The electronic device 100 may also include an audio component 140. The audio component 140 may be used to provide audio input and output functionality for the electronic device 100. The audio components 140 in the electronic device 100 may include a speaker, a microphone, a buzzer, a tone generator, and other components for generating and detecting sound.
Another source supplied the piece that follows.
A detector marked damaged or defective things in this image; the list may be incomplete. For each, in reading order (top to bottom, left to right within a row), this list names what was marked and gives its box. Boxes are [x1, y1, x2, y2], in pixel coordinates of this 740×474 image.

The communication circuit 120 may be used to provide the electronic device 100 with the capability to communicate with external devices. The communication circuit 120 may include analog and digital input-output interface circuits, and wireless communication circuits based on radio frequency signals and/or optical signals. The wireless communication circuitry in communication circuitry 120 may include radio-frequency transceiver circuitry, power amplifier circuitry, low noise amplifiers, switches, filters, and antennas. For example, the wireless Communication circuitry in the Communication circuitry 120 may include circuitry to support Near Field Communication (NFC) by transmitting and receiving near field coupled electromagnetic signals. For example, the communication circuit 120 may include a near field communication antenna and a near field communication transceiver. The communications circuitry 120 may also include a cellular telephone transceiver and antenna, a wireless local area network transceiver circuitry and antenna, and so forth.

The electronic device 100 may further include a battery, power management circuitry, and other input-output units 160. The input-output unit 160 may include buttons, joysticks, click wheels, scroll wheels, touch pads, keypads, keyboards, cameras, light emitting diodes and other status indicators, and the like.
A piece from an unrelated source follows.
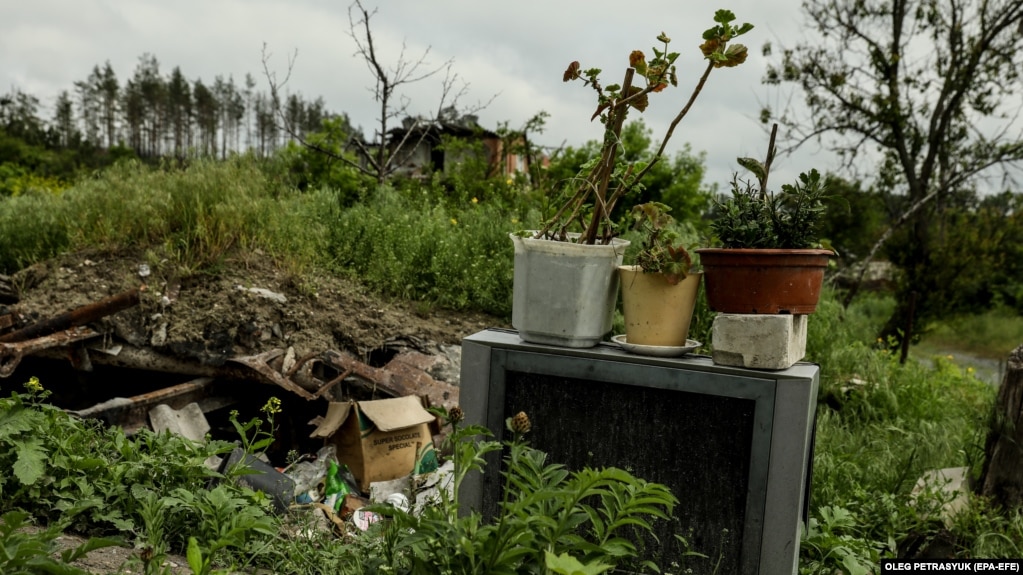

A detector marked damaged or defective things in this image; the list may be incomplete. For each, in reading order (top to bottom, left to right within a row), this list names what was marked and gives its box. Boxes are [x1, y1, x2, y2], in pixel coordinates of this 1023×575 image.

rusty metal bar [0, 286, 142, 339]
A user may enter commands through input-output circuitry 150 to control the operation of electronic device 100, and may use output data of input-output circuitry 150 to enable receipt of status information and other outputs from electronic device 100.

The steel net is originally made of a wire net, and thus is called a net board (mask) at that time. Starting with nylon (polyester) mesh, and later on due to durability concerns, there was the appearance of wire mesh, copper mesh, and finally stainless steel mesh. However, no matter what material is used for the screen, the screen has the defects of poor forming and low precision.
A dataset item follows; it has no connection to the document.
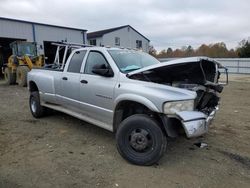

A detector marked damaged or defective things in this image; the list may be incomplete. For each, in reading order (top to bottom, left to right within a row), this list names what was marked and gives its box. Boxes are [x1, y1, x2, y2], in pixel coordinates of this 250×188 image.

shattered windshield [108, 49, 159, 72]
With the development of SMT, the requirements for the mesh plate are increased, and a steel mesh is generated. Due to the cost of materials and the difficulty and ease of manufacturing, the original steel nets were made of iron/copper plates, but also because of the tendency to rust, they were replaced by stainless steel nets, i.e. the current steel nets (SMT tencils).

Electropolishing template (E.P.Stencil)

The electro-polishing template is used for post-processing the steel sheet through an electrochemical method after laser cutting so as to improve the wall of the opening hole.

The method is characterized in that:

1. the hole wall is smooth, and is particularly suitable for QFP/BGA/CSP with ultra-fine pitch.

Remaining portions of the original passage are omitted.